### SOURCE DATA

_ _ _ _

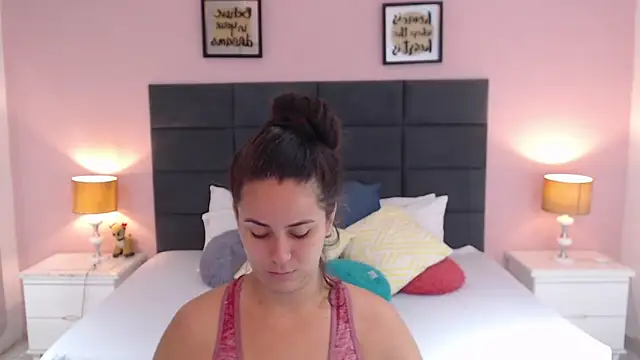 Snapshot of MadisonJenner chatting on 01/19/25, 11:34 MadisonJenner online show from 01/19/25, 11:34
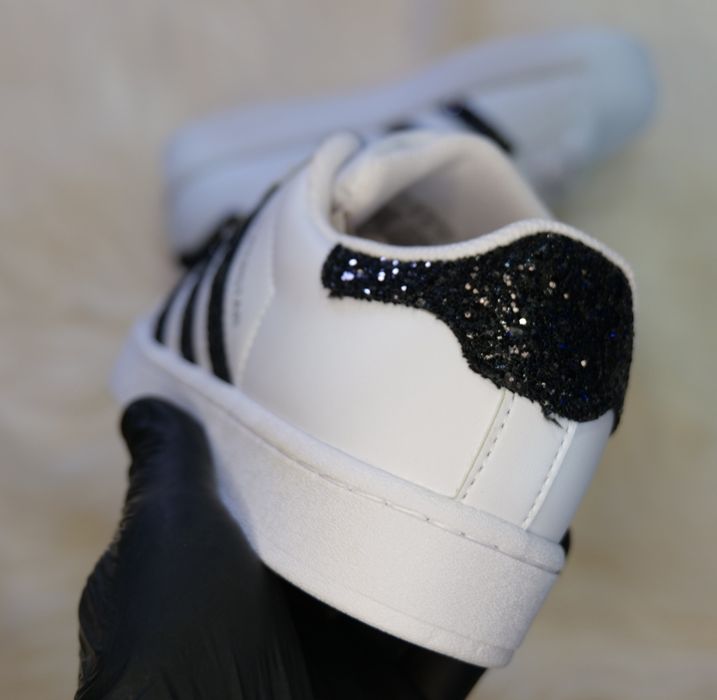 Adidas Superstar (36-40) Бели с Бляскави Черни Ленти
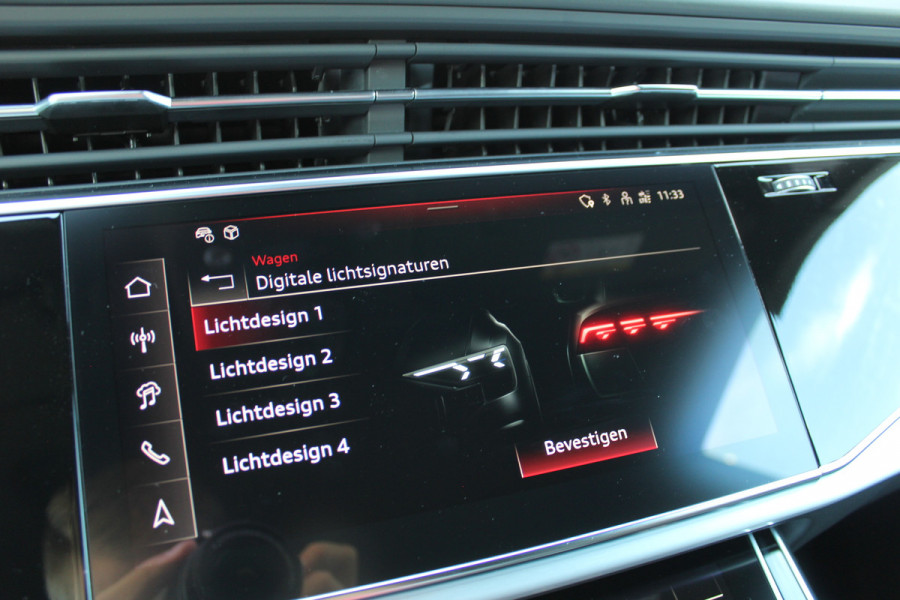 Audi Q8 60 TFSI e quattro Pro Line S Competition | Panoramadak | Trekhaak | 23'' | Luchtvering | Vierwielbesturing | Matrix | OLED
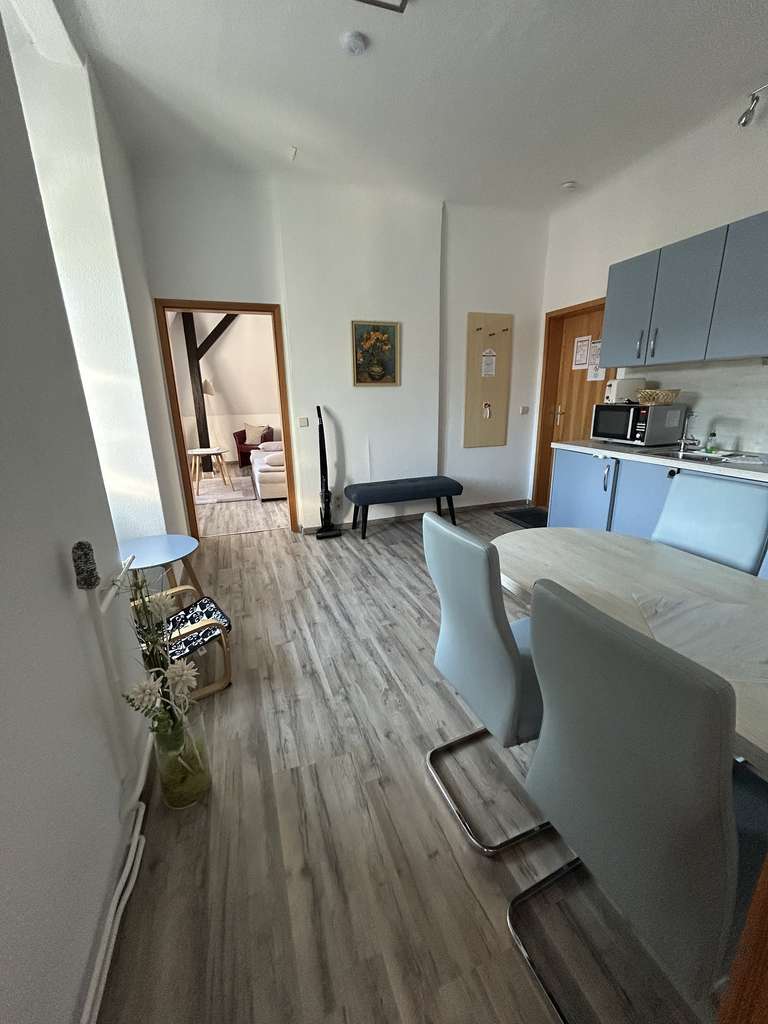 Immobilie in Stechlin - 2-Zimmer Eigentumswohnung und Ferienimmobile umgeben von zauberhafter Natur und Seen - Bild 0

_ _ _ _

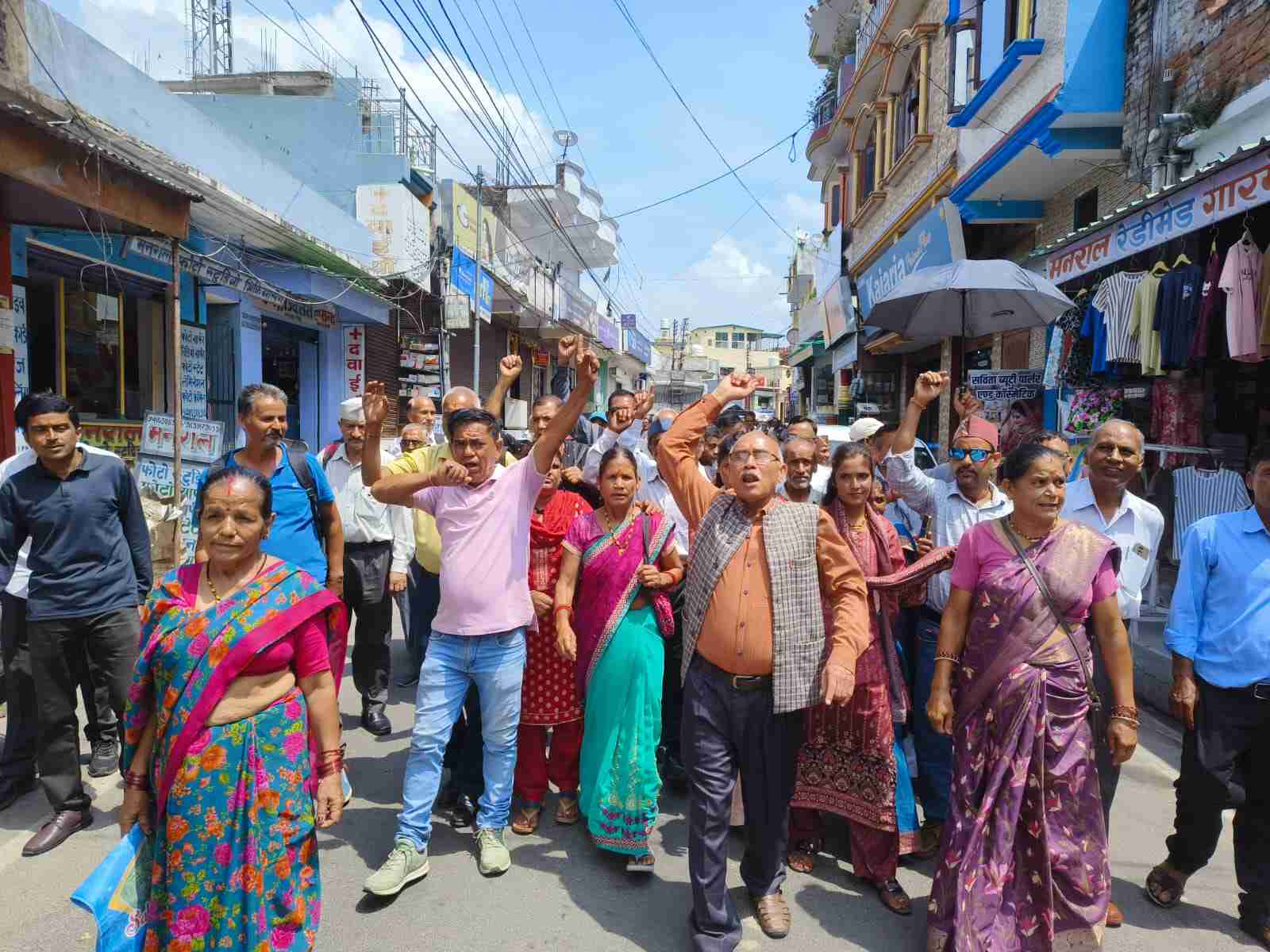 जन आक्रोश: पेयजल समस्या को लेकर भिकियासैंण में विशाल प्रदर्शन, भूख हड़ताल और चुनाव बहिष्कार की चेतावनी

_ _ _ _

### ABOUT THIS EXERCISE
Everything above from the line with "Snapshot of MadisonJenner" through the line with "Audi Q8 60 TFSI" should be retyped exactly, and nothing else; omit pictures.

### TASK RESULT
 Snapshot of MadisonJenner chatting on 01/19/25, 11:34 MadisonJenner online show from 01/19/25, 11:34
 Adidas Superstar (36-40) Бели с Бляскави Черни Ленти
 Audi Q8 60 TFSI e quattro Pro Line S Competition | Panoramadak | Trekhaak | 23'' | Luchtvering | Vierwielbesturing | Matrix | OLED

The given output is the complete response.